03 Jun 2017 14:54 IST

Downsizing is an opportunity for IT workers to reskill: Randstad CEO

Randstad MD and CEO Paul Dupuis

Liberal arts sees resurgence as companies ask for well-rounded, trainable graduates: Paul Dupuis

Paul Dupuis, MD and CEO of the global staffing and placement company Randstad, believes that even if there is despair at the prospect of thousands of IT jobs being lost, it’s not all gloom and doom. “If we talk with a sense of urgency, the term reskill or perish is especially true now for IT professionals because of downsizing,” Dupuis says.

He adds that these professionals are typically agile, tend to be curious, and their careers are all about learning and development. “This provides an exciting opportunity to learn something new. If I am with someone who has just been downsized, I will look to the future and learn the skills I need to be at the leading edge,” he says.

One example where IT pros can train themselves is in e-payment. “With digitisation, there’s huge opportunity in e-payments. I don’t think we have scratched the surface of that yet,” he says.

Dupuis points to what happened when automation in manufacturing was introduced. The plunge into robotics created more jobs. “Somebody had to maintain them and redesign and innovate around that. There will be different skill sets needed.”

The Randstad CEO says there’s a sense that AI will replace jobs and reduce the need for people, but Randstad doesn’t believe that. Dupuis says that with technology pervasion, there are more jobs created to create, implement and manage the technology. It need not be just job reduction, but jobs can be created in newer areas related to technology. “We have a strategy within Randstad called Tech n Touch, where we believe that tech will co-exist with the human touch / interaction and not replace it entirely,” he adds.

India shift

A Canadian who spent over 20 years in Japan and the past four with Randstad and is now six weeks into his new assignment in India, Dupuis says that from 1990 to 2016, it was all about China — its amazing economic growth dominated headlines. “What I have seen in the past 18 months is that there is a striking shift towards India. China’s growth is flattening out a bit and it is perceived to be a bit of a risk. Labour costs have increased dramatically when compared to 1990 and manufacturing is moving out. What makes India attractive is its workforce, which is well educated and hungry,” he says.
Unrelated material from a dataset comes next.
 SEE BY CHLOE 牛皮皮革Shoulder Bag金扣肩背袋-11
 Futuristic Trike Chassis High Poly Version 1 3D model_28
There’s a legacy of India being dominated only by IT, but he says the sector is only one of many burgeoning ones, which will grow and see jobs being created, such as FMCG, power, clean and alternate energy and e-comm. These, he says, will continue to be strong, even though there is consolidation happening now.

Resume spikes

At Randstad, which has 60,000 people on its rolls deployed in various companies ranging from IT to marketing, there is a bit of predictability to its business. After appraisal season, the number of resumes coming in spikes, while during the weeks leading to bonus appraisals, the number of resumes sent in go down. “Of course, when companies downsize, the number of resumes coming to us also spikes. So, it comes back to the reskill or perish I talked about,” says the CEO.

Apart from its staffing business, in the last year, Randstad also placed around 9,000 people in various companies at the middle to senior levels.

Dupuis says today, there is a resurgence in the liberal arts as companies want to hire young graduates with non-specialist backgrounds. “Yes, it’s come a full circle in two generations. Companies want young people with a liberal arts background as their trainability is better. We are hearing this quite a lot from our clients: ‘Get me somebody who has solid values, is a good learner, is adaptable and agile and with a well-rounded educational background’. And that translates to liberal arts,” he explains.

The CEO has had many conversations with CXOs, CEOs, HR Heads, at roundtables in his six weeks in India, and “what they’re telling me is that they want people who are well-rounded and trainable. Give us the people and we will put them in our on-board induction programme and will develop them.”